Tim Turnbull doesn’t need gimmicks to scare you: his words are enough. A mixture of poetry, song and storytelling Tim Turnbull’s Tales of Terror presents a variety of chilling and intriguingly macabre material.
Darkly seductive Turnbull pulls the audience into a world where everything is slightly askew. Mythology mixes in with the everyday creating an otherworld where terror and destruction lurks around every corner. The Gods are there in Turnbull’s work, but his preoccupation is clear: destruction and horror lies within rather than outside of ourselves. Repeatedly (as with his look at horrific plastic surgery and a very modern cult of Dionysus) Turnbull fixes his gaze on hedonism and excess, lacing his words with black comedy.

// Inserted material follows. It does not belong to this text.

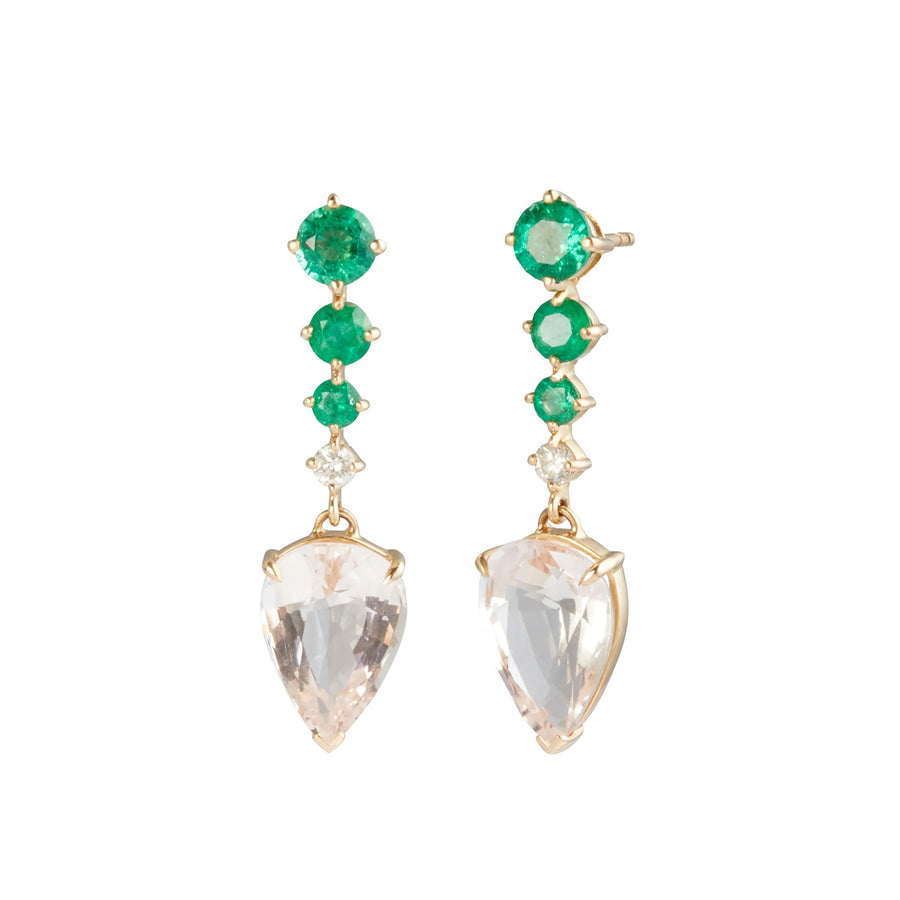 YI Collection Arrow Earrings - Emerald and Morganite - Earrings - Broken English Jewelry, front and angled view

If Turnbull doesn’t quite have the voice to pull off the songs (he gets by through sheer charisma rather than vocal ability) then his performance ability perfectly matches the rest of his material. There’s a beguiling disjunction between the stories Turnbull tells and his comforting, Yorkshire tinged delivery.
It’s in the extended moments, however, where Turnbull displays his ability to command an audience, using only his voice and his words to compel. Reading from a book of "Terrible Tales" he narrates a story which twists and turns through psychic horses, evil goats and new age remedies creating the perfect atmosphere of suppressed menace. With supreme confidence Turnbull leaves just enough to the imagination of those listening to properly thrill.